▶ **Work to complete**: Please repeat the line that has "Trade Star Square" and all lines after it, exactly as they appear, through the end of the entries.

***** Provided material

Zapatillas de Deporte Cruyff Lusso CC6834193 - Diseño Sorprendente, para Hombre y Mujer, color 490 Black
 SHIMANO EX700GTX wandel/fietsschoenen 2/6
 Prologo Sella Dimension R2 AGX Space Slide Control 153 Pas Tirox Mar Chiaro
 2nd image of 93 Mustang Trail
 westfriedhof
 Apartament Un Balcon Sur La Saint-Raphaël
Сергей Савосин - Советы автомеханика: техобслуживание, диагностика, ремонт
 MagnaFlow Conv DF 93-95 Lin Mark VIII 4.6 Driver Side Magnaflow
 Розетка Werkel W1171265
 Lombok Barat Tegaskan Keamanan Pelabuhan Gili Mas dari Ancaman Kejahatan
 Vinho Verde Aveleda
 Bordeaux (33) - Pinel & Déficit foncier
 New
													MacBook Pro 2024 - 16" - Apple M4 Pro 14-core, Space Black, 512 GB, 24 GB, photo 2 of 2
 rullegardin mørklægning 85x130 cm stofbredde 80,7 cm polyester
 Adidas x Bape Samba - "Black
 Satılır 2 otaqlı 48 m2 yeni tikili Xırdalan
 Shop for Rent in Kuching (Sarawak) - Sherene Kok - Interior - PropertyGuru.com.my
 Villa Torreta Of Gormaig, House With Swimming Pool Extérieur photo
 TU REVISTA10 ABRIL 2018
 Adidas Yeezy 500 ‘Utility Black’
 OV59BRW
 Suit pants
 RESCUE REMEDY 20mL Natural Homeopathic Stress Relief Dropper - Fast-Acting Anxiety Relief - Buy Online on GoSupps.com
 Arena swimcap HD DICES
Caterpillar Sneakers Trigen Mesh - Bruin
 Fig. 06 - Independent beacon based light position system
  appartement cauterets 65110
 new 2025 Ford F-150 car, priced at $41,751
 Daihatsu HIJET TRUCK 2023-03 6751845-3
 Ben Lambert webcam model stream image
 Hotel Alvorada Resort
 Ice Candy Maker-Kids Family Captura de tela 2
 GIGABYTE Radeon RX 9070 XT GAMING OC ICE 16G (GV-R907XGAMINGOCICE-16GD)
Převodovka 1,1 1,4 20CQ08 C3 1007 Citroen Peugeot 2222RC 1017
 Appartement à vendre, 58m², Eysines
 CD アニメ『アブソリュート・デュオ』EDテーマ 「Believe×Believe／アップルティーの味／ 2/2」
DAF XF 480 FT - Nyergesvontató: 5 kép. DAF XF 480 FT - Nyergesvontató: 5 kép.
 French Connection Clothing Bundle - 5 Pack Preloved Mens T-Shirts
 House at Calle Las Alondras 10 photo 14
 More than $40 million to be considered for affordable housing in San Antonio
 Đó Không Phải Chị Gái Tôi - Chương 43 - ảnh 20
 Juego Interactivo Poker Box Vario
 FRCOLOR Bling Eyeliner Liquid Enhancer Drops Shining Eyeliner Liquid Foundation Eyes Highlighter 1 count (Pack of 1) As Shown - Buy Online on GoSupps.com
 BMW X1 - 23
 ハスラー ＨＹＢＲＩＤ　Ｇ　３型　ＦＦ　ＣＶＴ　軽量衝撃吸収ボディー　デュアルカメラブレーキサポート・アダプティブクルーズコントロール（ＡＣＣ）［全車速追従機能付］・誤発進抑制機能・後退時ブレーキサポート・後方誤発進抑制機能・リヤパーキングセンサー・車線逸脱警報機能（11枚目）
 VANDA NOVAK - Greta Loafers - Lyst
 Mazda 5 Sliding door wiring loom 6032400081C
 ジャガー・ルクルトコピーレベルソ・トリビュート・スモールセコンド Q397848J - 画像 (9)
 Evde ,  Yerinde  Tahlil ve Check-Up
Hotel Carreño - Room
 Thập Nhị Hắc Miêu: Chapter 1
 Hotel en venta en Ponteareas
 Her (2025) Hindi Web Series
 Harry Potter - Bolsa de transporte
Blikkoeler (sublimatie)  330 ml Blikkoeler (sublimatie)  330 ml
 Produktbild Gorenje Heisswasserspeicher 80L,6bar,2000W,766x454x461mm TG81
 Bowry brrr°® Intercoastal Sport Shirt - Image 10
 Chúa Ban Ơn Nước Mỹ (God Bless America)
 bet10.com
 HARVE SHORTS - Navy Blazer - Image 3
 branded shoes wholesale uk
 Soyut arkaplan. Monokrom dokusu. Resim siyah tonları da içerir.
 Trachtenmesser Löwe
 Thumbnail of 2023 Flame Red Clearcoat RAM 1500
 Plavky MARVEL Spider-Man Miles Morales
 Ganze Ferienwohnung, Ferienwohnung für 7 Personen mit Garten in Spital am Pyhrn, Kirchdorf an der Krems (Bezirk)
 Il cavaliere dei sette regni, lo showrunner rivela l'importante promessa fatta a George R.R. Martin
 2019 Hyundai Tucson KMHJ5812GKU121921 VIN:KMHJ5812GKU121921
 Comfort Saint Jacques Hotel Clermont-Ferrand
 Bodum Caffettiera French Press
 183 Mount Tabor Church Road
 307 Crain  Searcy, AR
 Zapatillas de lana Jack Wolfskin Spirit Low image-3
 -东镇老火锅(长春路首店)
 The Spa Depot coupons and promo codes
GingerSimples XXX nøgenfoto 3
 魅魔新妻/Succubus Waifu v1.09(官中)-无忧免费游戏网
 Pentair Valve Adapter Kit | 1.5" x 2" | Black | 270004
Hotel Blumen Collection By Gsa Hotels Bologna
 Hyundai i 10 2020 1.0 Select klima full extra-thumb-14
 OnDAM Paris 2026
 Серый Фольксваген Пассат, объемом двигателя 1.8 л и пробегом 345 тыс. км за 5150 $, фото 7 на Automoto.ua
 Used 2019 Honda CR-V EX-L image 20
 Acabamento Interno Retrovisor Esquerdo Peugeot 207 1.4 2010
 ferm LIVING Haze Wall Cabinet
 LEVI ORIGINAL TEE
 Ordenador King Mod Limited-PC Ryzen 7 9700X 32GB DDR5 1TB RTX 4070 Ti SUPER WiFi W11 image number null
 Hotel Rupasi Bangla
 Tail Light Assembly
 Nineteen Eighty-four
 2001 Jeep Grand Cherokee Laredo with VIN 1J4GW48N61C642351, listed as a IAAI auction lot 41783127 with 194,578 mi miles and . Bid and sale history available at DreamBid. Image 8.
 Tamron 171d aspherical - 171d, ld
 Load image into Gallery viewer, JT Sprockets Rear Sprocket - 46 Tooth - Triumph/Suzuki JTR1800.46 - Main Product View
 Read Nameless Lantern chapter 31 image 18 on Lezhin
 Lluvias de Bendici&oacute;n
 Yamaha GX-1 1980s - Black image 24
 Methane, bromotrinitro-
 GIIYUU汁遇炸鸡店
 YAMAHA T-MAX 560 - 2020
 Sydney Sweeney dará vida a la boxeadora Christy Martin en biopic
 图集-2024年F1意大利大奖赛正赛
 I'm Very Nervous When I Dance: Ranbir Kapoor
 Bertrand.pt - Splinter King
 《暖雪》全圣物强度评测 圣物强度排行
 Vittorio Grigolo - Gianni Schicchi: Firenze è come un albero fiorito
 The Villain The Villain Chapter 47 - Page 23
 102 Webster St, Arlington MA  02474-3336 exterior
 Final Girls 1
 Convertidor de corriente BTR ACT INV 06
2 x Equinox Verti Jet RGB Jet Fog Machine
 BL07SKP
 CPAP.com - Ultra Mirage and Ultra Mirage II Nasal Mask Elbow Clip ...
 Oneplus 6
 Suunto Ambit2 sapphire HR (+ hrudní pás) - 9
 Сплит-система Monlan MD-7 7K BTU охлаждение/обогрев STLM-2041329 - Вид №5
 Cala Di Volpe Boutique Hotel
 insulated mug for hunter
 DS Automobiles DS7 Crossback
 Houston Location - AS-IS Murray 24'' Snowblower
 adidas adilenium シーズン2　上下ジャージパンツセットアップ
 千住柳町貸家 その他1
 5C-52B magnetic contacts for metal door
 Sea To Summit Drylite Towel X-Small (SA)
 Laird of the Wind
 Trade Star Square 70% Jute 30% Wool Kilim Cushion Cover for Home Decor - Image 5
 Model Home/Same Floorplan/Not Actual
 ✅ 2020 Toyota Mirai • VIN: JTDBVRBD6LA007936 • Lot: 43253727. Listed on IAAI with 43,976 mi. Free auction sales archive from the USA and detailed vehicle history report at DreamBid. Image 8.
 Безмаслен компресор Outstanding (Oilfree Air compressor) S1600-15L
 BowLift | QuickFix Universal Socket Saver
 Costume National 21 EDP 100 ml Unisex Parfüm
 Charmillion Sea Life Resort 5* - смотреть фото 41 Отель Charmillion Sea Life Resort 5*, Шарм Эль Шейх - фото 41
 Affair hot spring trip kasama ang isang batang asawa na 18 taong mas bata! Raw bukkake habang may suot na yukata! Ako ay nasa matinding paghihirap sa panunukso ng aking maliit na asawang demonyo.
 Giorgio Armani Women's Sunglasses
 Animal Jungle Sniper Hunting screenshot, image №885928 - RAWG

**********

▶ **Worked solution**:
 Trade Star Square 70% Jute 30% Wool Kilim Cushion Cover for Home Decor - Image 5
 Model Home/Same Floorplan/Not Actual
 ✅ 2020 Toyota Mirai • VIN: JTDBVRBD6LA007936 • Lot: 43253727. Listed on IAAI with 43,976 mi. Free auction sales archive from the USA and detailed vehicle history report at DreamBid. Image 8.
 Безмаслен компресор Outstanding (Oilfree Air compressor) S1600-15L
 BowLift | QuickFix Universal Socket Saver
 Costume National 21 EDP 100 ml Unisex Parfüm
 Charmillion Sea Life Resort 5* - смотреть фото 41 Отель Charmillion Sea Life Resort 5*, Шарм Эль Шейх - фото 41
 Affair hot spring trip kasama ang isang batang asawa na 18 taong mas bata! Raw bukkake habang may suot na yukata! Ako ay nasa matinding paghihirap sa panunukso ng aking maliit na asawang demonyo.
 Giorgio Armani Women's Sunglasses
 Animal Jungle Sniper Hunting screenshot, image №885928 - RAWG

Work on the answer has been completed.